BEGIN Raw data

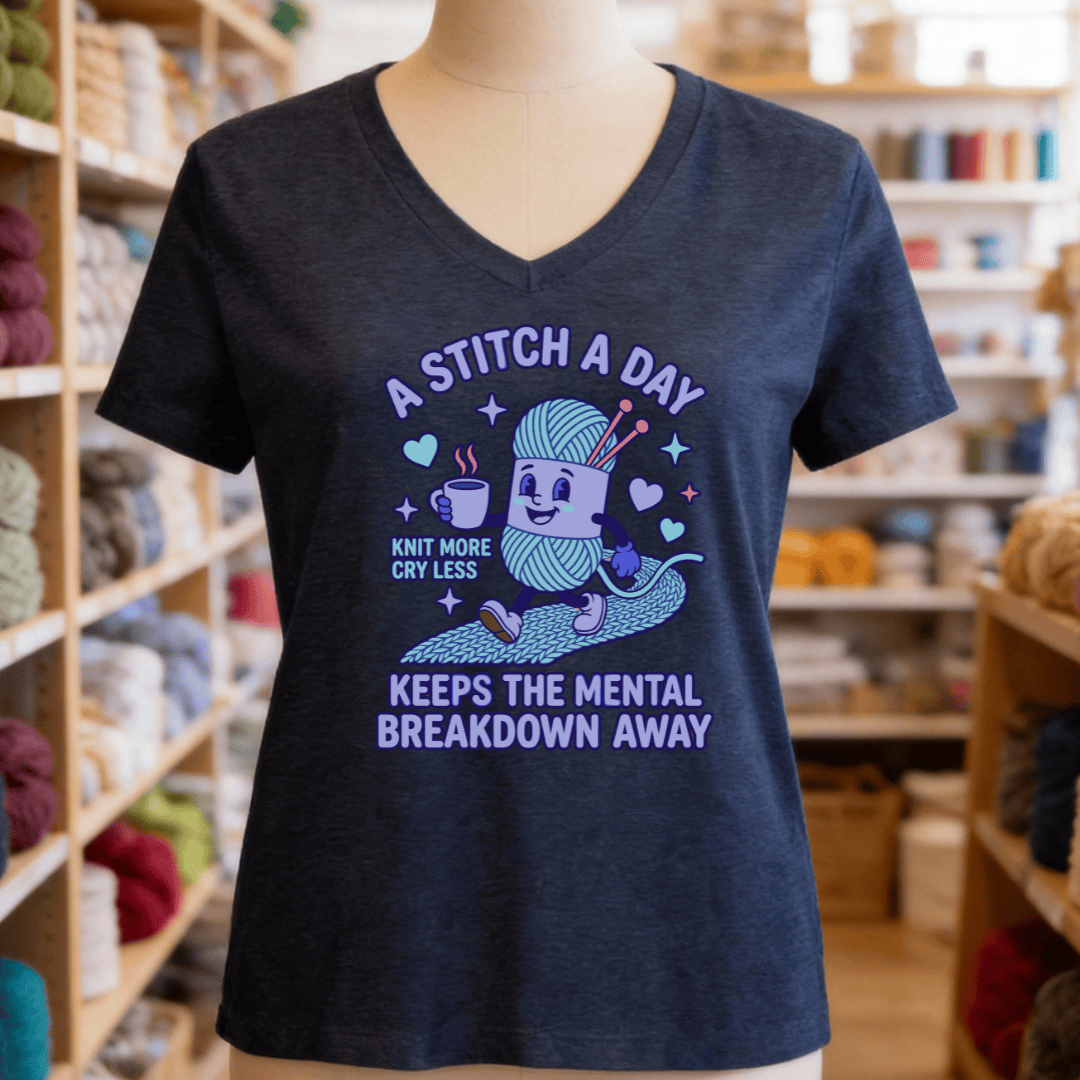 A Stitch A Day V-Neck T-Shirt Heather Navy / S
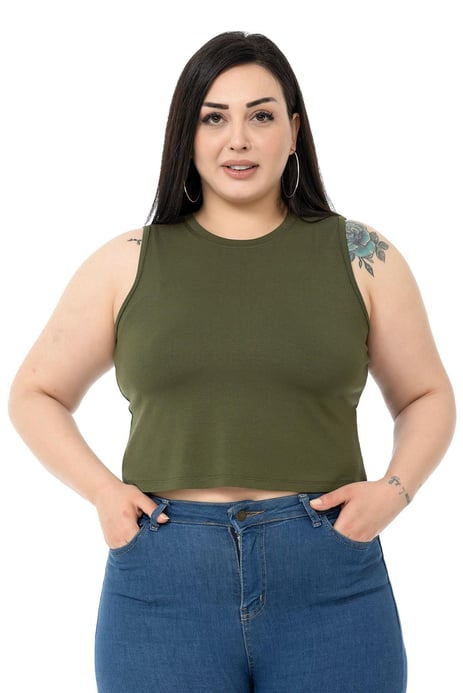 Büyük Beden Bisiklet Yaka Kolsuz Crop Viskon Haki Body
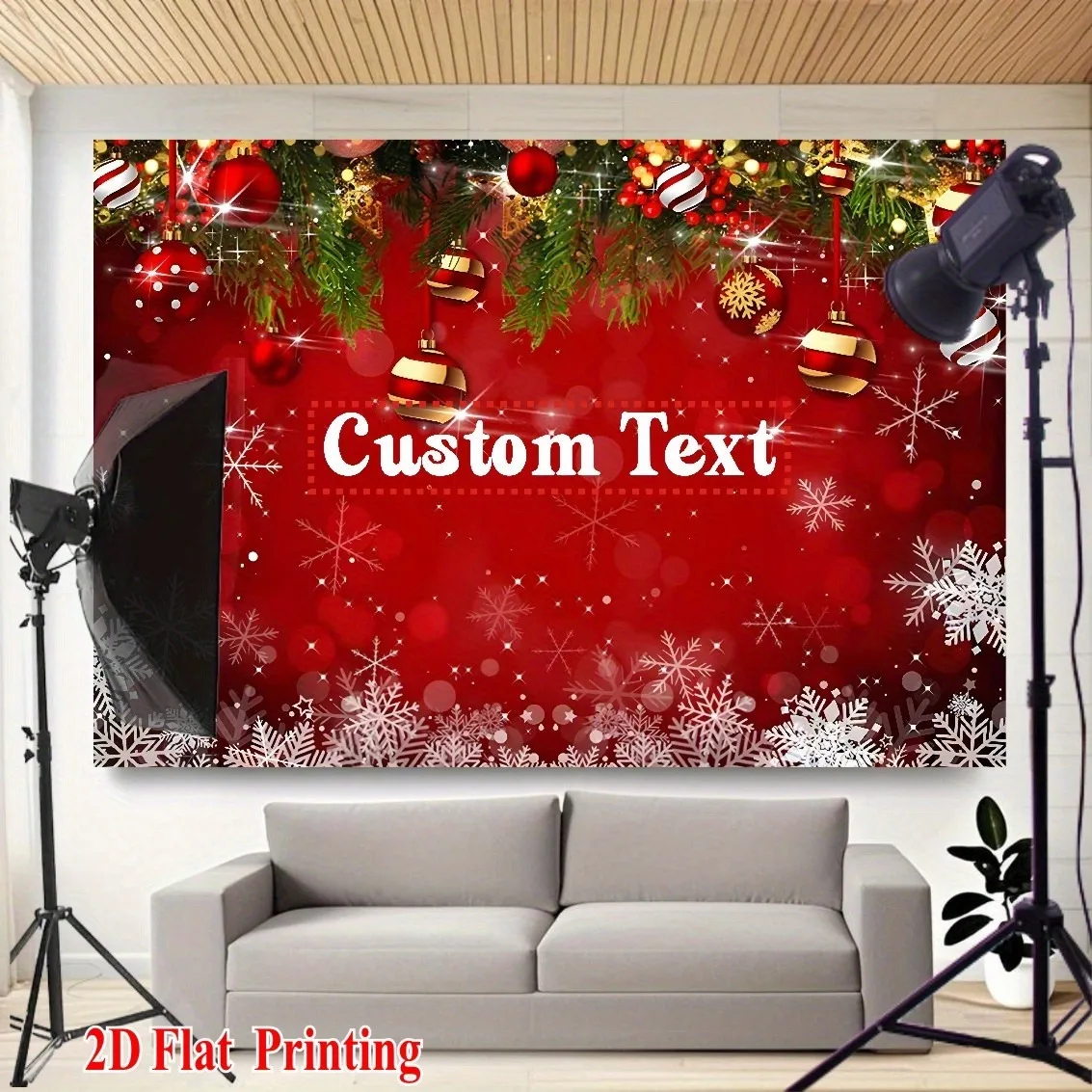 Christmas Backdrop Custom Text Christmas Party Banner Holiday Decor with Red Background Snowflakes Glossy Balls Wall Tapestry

END Raw data

### Work to be completed
With pictures omitted, reproduce exactly the lines from the line containing "Büyük Beden Bisiklet" through the end of the data above.

### Answer section
 Büyük Beden Bisiklet Yaka Kolsuz Crop Viskon Haki Body
 Christmas Backdrop Custom Text Christmas Party Banner Holiday Decor with Red Background Snowflakes Glossy Balls Wall Tapestry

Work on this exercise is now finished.